Since Shorewood does not have an ultimate frisbee team, Walston has been playing for Nathan Hale’s boys and mixed team, along with a youth club team. He is also a practice player for the Seattle Cascades, a professional frisbee team based out of Seattle that competes in the Western Division of the American Ultimate Disc League. Practicing with them gave Walston insight into the intensity of professional play and forced him to step up his game. “The level was so much higher that it really challenged me to improve my game,” he said. 

One aspect of frisbee that appeals to Walston is the emphasis on sportsmanship. To encourage fairness and a positive attitude, the concept of spirit of the game is an integral part of the sport. “There’s this thing called spirit of the game, where the emphasis is about enjoying playing and enjoying each other and having good sportsmanship, which creates a good culture within your team and a lot of friendships between teams,” Walston said.

Spirit of the game can be implemented in many different ways. “At some tournaments you give spirit awards, where after a game the whole team or the coach decides on one of the other players and gives them a disc or some sort of prize for having good spirit,” he said. Sportsmanship is encouraged throughout the whole season, not just at tournaments. 

 “During the regular season after a game you rate the opponent’s spirit, like how good of people they were doing the game basically,” said Walston. There are no referees, which also encourages good sportsmanship. “It’s a self-officiated sport so you get to call your own fouls and after a foul call you discuss it with the opponents what you thought happened, if you think there’s a foul and you resolve it that way,” Walston said. This practice is also in place for college teams. 

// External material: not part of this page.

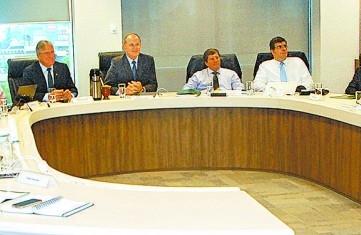 Membros do Conselho da Sicredi durante reuni&atilde;o mensal (Marcelo Basso)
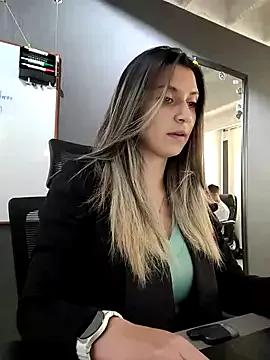 Isabella_Varella from StripChat is Freechat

College frisbee is all club, but that doesn’t mean it’s not competitive. Carleton has six teams in total, with their men’s Division I program ranked as a top 15 team in the US.  “The teams have a lot more depth than in high school and other youth teams. It’s a lot more athletic and experienced people, which just raises the game and the level of play overall,” Walston said. 

The team is together at least five days a week either for practice or workouts. “It is pretty intense in the winter and fall. The main season is the spring, so in the winter and fall it’s [practice] two days a week for probably two hours and workouts three other days a week. In the spring it’s [practice] five days a week for two hours with tournaments on many weekends,” said Walston.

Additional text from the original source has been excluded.